Learning to Care and Not to Care
Temperance and T.S. Eliot
As we enter war with Iran, as AI companies make deals with the “Department of War,” as people we know suffer loss and pain, and as we ourselves face difficulties, we all must learn how to care rightly. Recently I wrote about the importance of not trying to save everyone and everything. But that still leaves the problem of caring, of our emotional and mental rumination spent on the concerns of the world and our lives. We too often worry about the future or regret the past because we care too much. The etymology of “care” comes from the Old English caru meaning “sorrow, anxiety, or grief.” We are “anxious” about the world or even our personal lives because we don’t know how things will turn out, we feel personally responsible, or we feel helpless.
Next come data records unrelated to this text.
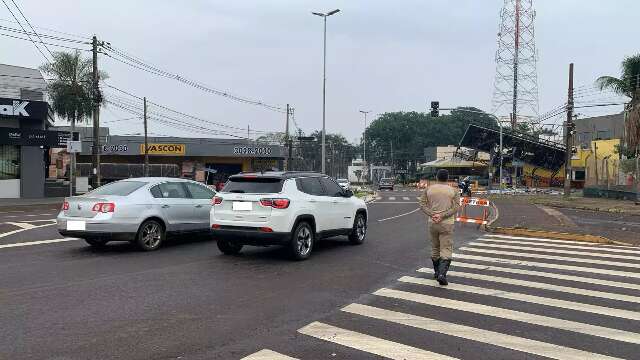 Depois do caos, Agetran chega para controlar tr&acirc;nsito onde painel caiu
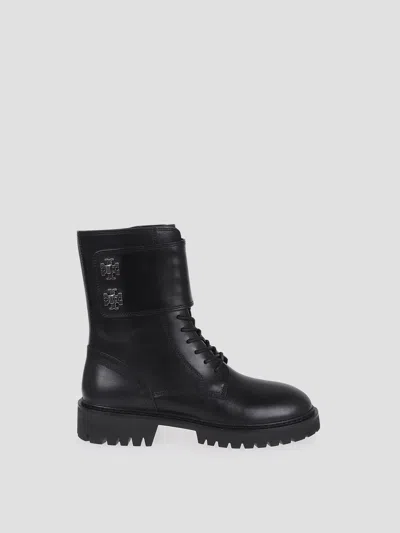 Tory Burch Turnlock Lug Boot 40mm For Effortless Style In Black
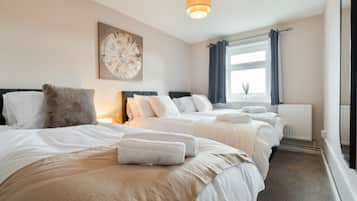 2 bedrooms, iron/ironing board, free WiFi, bed sheets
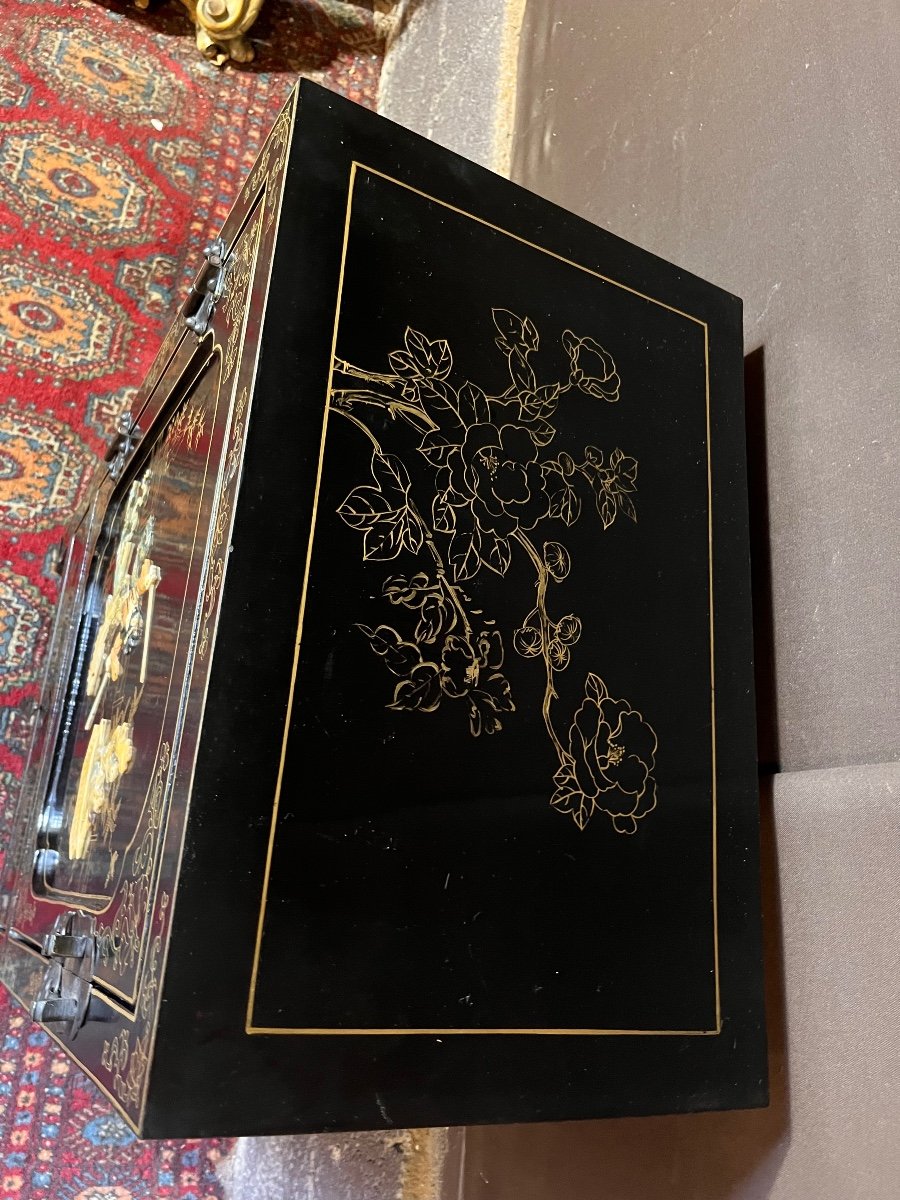 Petit Meuble Asiatique En Laque -photo-1
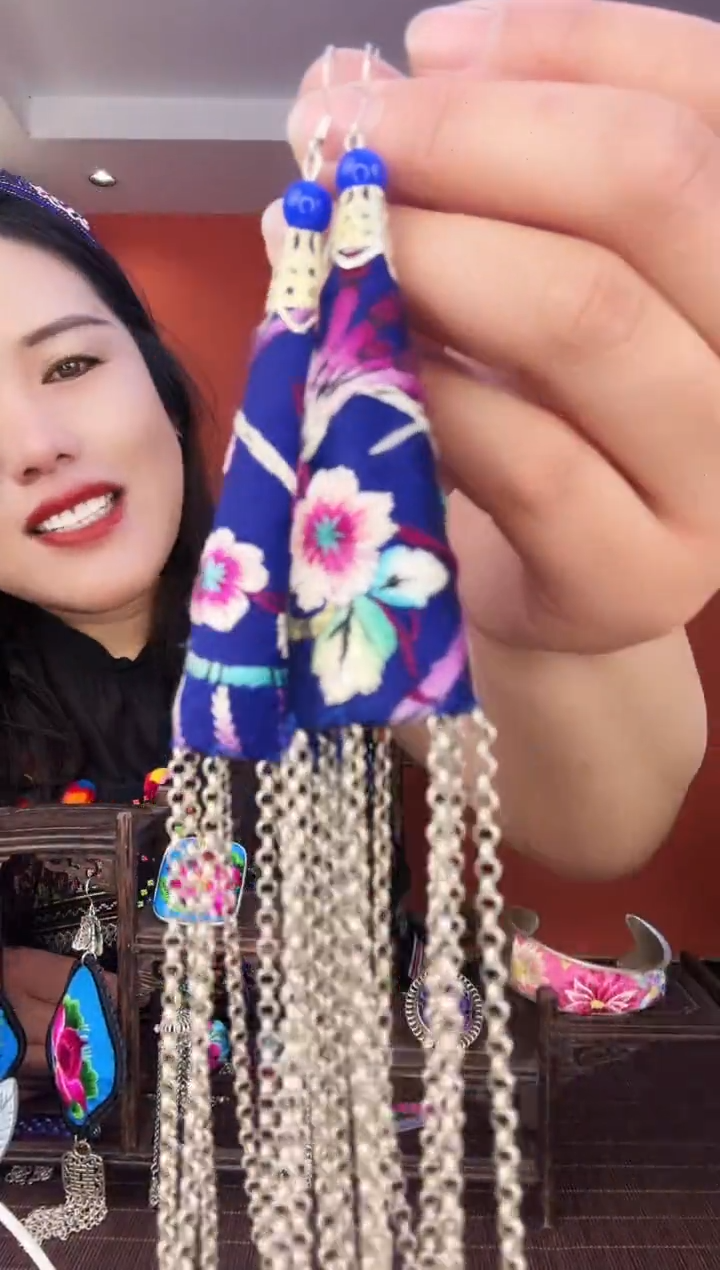 织绣非遗手工刺绣耳环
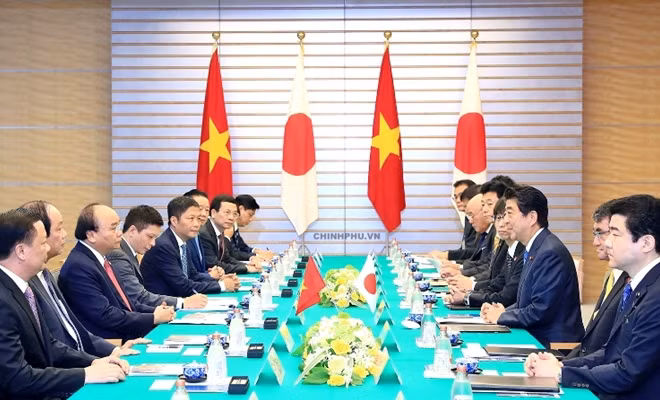 PM Nguyen Xuan Phuc holds talks with his Japanese counterpart. PM Nguyen Xuan Phuc holds talks with his Japanese counterpart.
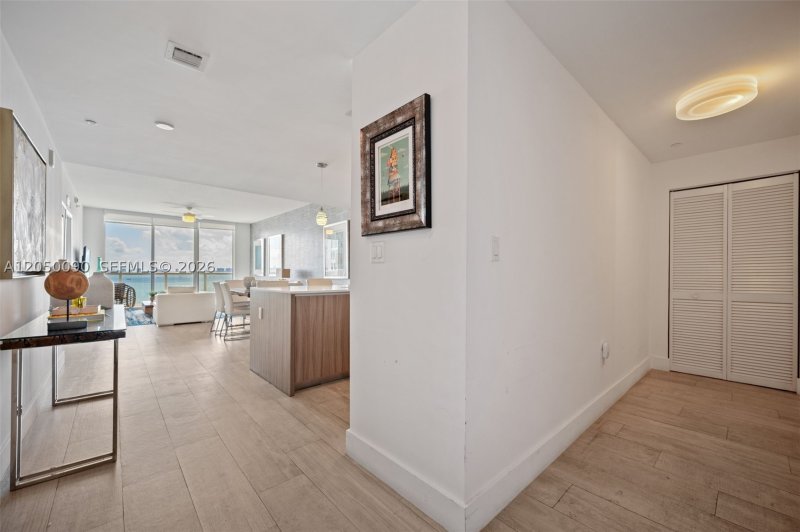 Apartment for rent at Bay House 1402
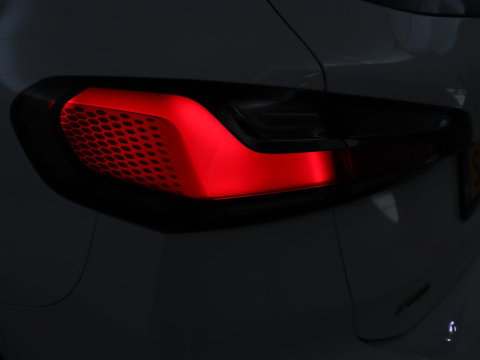 BMW 2 Serie 225 e xDrive Luxury Line | SOH 91,6% | Leder | Carplay | Navigatie | Sfeerverlichting | Cruise control | Climate control | Camera | Park assist |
We “sorrow” over past mistakes or future possibilities that could harm ourselves, those we love, or even those across the globe. Which can lead us into caring too much, to inordinate, intemperate caring, where we take on the role of God and assume that it is our duty to control the safety of the world. This burden is crushing and despairing. What I’d like to offer today is an alternative, voiced by T.S. Eliot in his great poem, “Ash Wednesday” and in the 46th Psalm. Our duty is paradoxically to care and not to care. To “be still and know” that he is God. When we learn to do this, we don’t abandon our responsibility to love our neighbor, but we rightly (temperately) accept our limits before God.